- _What you should do_:
Count the lines in the data below that have "Continental" in them, and reply with only that number.

(Records from a collection)

****************************************

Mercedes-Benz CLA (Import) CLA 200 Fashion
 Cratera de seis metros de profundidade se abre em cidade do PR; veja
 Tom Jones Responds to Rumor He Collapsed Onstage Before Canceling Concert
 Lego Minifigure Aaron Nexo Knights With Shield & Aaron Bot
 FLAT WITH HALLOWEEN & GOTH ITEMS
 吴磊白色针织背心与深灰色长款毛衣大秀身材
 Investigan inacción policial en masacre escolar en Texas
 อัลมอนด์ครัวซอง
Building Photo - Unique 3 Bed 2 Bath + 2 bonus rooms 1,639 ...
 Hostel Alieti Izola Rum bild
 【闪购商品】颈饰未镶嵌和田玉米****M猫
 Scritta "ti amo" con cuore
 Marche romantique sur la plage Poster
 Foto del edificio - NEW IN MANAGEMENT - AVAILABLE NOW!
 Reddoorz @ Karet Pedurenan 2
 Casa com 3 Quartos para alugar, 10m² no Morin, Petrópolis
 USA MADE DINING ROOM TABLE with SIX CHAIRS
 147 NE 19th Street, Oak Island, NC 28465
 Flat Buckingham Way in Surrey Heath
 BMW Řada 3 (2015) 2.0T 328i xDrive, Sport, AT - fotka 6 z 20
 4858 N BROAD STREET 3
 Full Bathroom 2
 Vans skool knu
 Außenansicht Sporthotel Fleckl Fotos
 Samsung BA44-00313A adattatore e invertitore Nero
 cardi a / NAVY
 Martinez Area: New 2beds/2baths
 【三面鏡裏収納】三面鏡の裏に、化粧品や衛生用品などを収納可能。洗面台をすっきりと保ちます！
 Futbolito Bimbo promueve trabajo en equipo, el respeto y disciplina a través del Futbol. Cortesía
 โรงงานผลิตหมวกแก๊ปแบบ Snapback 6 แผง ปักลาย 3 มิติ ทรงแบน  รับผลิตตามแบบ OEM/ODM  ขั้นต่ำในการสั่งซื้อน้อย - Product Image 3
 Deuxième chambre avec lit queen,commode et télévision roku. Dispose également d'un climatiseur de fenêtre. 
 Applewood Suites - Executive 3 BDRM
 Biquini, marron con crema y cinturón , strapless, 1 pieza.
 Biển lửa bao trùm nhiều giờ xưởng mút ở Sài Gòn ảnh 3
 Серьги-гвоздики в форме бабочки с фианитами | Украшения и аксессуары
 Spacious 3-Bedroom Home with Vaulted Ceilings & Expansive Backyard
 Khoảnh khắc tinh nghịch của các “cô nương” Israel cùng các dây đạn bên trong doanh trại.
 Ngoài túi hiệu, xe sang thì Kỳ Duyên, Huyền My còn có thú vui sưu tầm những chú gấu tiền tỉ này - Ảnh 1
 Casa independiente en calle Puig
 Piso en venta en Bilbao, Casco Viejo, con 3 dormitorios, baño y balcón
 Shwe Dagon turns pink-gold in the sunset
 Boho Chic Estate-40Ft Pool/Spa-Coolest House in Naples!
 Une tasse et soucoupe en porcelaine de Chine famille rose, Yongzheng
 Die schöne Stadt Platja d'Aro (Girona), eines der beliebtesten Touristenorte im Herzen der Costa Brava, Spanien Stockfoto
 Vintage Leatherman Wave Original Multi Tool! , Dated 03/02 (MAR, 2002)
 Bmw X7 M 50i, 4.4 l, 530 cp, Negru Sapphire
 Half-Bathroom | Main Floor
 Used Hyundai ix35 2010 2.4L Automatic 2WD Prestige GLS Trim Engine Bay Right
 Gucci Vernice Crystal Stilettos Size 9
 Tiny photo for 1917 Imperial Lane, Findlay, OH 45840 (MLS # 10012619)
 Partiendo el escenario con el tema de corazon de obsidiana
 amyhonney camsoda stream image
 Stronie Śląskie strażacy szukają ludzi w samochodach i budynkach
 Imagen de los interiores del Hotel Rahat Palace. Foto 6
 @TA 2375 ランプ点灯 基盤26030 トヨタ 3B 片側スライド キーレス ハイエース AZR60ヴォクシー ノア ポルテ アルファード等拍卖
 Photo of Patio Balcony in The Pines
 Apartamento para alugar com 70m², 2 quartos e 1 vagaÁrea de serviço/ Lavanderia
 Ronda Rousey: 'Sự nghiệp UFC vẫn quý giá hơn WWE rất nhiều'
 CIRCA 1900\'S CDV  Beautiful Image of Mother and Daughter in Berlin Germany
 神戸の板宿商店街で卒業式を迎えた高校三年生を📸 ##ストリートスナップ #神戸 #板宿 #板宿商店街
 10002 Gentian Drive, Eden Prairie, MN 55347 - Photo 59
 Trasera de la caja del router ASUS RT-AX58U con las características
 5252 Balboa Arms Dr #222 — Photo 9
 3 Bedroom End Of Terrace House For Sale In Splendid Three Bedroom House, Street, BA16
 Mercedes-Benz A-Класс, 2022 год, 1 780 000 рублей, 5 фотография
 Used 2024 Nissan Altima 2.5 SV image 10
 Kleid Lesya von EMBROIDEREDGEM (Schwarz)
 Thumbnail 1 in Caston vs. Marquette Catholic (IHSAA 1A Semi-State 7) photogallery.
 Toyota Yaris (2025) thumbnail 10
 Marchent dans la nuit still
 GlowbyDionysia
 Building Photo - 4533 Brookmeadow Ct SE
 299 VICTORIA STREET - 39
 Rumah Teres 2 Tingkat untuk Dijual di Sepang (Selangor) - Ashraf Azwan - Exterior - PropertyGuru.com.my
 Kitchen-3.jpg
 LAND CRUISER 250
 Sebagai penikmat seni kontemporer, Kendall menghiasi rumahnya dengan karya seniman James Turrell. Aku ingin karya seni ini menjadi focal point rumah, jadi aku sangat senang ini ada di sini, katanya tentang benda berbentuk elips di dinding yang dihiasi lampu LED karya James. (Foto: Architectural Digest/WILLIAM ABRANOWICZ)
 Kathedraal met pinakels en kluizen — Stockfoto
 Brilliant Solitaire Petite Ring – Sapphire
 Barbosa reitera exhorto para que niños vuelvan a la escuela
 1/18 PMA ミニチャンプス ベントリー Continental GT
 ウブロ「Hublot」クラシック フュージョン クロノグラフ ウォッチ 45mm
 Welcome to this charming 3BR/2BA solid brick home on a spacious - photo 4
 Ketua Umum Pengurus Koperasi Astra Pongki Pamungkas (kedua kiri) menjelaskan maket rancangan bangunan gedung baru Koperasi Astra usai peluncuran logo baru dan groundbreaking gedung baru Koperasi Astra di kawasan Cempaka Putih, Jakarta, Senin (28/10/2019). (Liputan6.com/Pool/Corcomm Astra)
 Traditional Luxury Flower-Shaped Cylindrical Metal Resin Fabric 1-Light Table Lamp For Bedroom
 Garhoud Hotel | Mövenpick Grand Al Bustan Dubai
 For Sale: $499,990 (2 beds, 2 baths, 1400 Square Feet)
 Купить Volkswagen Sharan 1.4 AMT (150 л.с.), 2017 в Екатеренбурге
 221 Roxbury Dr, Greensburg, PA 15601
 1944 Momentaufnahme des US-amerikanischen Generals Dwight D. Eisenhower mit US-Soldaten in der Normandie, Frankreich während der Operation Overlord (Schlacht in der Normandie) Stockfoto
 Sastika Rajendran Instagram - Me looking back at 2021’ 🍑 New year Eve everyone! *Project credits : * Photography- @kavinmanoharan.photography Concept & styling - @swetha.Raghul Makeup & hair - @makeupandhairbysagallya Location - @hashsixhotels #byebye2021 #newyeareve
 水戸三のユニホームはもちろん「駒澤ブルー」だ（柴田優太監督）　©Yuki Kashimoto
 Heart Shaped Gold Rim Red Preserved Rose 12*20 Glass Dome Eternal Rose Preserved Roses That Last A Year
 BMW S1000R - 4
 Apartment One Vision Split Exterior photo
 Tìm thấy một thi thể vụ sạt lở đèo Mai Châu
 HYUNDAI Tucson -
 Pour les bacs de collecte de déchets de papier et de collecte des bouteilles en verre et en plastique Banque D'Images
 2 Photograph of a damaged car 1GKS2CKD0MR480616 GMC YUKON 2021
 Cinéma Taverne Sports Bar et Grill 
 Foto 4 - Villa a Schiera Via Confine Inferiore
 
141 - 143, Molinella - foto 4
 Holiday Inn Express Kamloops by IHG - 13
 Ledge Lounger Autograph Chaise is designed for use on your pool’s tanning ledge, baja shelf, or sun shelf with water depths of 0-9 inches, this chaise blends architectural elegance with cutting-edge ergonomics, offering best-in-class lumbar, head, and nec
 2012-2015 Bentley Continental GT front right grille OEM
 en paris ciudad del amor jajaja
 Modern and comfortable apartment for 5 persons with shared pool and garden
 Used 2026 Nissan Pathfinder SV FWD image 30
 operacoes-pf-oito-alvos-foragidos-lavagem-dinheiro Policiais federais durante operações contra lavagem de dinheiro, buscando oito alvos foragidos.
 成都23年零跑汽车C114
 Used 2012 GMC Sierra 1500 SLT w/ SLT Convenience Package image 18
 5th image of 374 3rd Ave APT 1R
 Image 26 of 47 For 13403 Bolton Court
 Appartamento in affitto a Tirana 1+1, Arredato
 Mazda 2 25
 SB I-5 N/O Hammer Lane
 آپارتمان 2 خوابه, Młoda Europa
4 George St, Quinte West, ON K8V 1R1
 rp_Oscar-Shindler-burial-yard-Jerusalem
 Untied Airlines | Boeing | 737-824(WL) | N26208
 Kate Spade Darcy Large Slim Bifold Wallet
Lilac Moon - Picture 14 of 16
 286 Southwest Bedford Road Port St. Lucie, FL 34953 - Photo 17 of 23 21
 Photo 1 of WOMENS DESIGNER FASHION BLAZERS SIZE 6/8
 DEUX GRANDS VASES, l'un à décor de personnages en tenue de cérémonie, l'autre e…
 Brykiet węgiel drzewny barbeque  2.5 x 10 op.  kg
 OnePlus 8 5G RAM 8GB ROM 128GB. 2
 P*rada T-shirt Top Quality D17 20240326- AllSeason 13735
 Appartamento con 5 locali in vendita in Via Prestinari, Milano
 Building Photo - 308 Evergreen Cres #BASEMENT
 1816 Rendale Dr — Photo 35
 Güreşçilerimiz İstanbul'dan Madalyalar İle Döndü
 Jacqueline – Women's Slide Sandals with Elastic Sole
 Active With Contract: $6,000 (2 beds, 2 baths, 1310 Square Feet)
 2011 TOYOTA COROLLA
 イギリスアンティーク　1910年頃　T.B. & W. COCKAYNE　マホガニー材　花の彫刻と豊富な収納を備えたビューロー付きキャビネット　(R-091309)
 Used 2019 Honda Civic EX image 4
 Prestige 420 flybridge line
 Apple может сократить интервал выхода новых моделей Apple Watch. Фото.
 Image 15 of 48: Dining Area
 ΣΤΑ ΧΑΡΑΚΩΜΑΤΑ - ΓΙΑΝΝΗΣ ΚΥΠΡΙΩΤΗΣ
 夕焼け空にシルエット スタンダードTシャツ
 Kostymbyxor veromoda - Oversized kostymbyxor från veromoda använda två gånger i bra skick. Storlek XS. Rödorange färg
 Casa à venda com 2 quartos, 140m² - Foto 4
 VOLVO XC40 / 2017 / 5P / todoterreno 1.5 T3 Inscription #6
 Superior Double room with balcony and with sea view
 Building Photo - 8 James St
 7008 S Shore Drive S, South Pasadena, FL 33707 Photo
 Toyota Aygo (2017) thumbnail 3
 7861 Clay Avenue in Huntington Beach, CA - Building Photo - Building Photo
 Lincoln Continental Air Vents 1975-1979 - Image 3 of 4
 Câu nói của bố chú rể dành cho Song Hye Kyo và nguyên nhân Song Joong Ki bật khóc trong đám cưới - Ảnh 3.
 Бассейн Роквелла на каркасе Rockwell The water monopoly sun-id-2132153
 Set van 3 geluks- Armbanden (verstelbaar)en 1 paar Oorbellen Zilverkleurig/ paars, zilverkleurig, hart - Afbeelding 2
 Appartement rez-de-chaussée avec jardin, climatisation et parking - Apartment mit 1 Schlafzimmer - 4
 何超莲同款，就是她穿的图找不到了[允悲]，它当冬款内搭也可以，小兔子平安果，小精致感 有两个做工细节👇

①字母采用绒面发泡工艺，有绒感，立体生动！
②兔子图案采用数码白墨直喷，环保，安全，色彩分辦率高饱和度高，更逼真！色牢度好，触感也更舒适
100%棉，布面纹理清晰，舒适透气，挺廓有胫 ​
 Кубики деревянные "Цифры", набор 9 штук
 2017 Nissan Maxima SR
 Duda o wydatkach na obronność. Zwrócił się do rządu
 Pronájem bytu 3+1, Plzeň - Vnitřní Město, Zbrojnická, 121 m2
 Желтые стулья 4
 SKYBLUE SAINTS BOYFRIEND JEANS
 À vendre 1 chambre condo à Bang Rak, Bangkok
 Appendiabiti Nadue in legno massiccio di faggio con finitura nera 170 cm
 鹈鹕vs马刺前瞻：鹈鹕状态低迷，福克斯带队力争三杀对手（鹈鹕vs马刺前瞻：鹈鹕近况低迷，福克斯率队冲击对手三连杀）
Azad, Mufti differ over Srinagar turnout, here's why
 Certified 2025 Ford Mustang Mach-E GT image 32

****************************************

- _Final answer_:
3